How to complete this task
Exactly and only the lines below from the one containing "3 Original invoices" down to the one containing "Honfach Twin Size" are wanted, both included; please exclude every picture.

Material provided
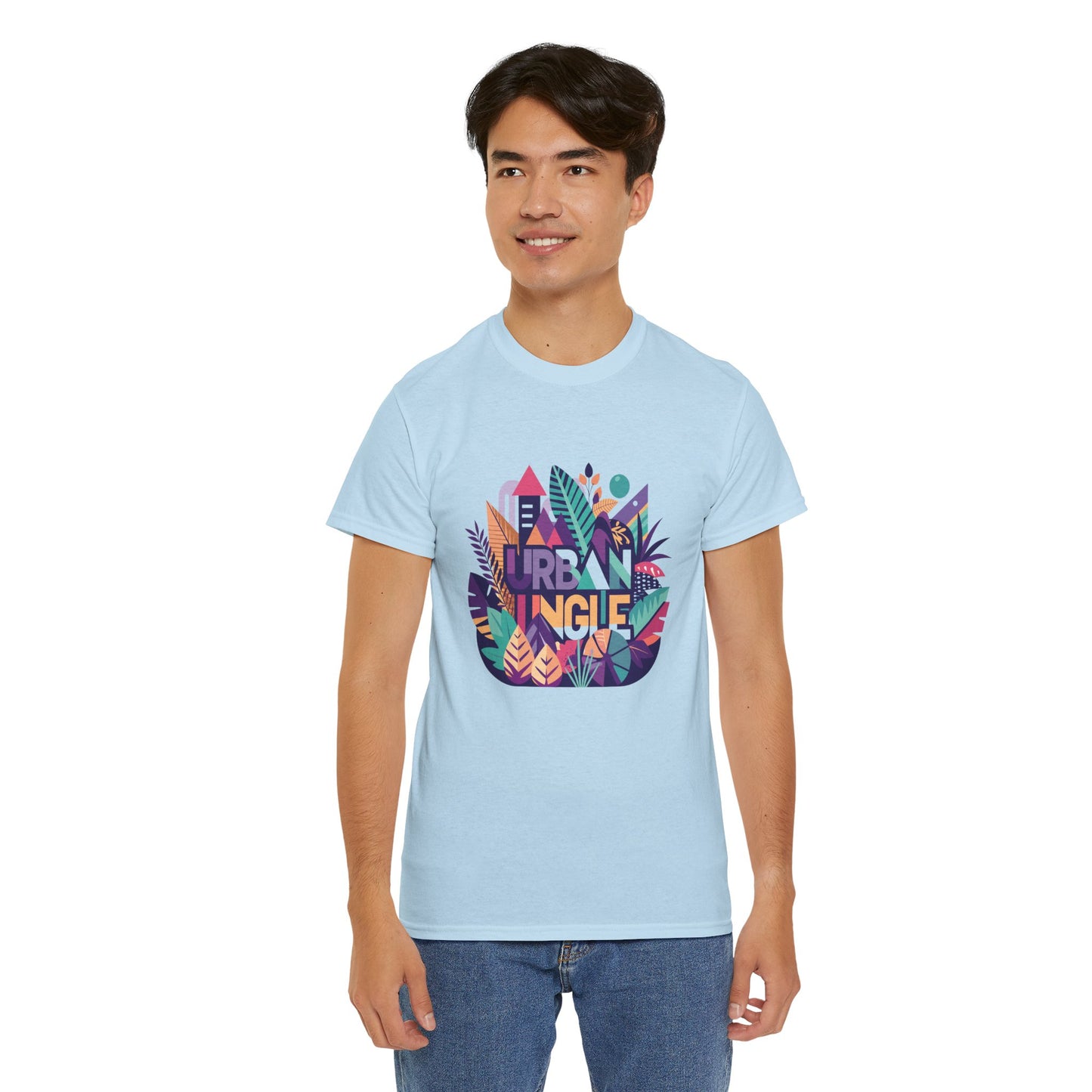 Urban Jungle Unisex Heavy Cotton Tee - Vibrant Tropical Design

* * *

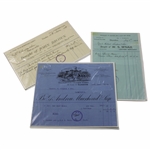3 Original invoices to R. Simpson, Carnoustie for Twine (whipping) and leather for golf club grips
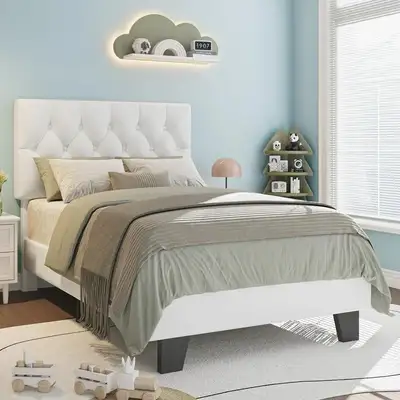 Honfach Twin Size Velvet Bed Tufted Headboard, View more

--

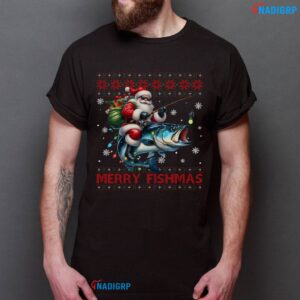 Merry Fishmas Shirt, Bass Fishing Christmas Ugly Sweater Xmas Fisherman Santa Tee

Result of this task
3 Original invoices to R. Simpson, Carnoustie for Twine (whipping) and leather for golf club grips
 Honfach Twin Size Velvet Bed Tufted Headboard, View more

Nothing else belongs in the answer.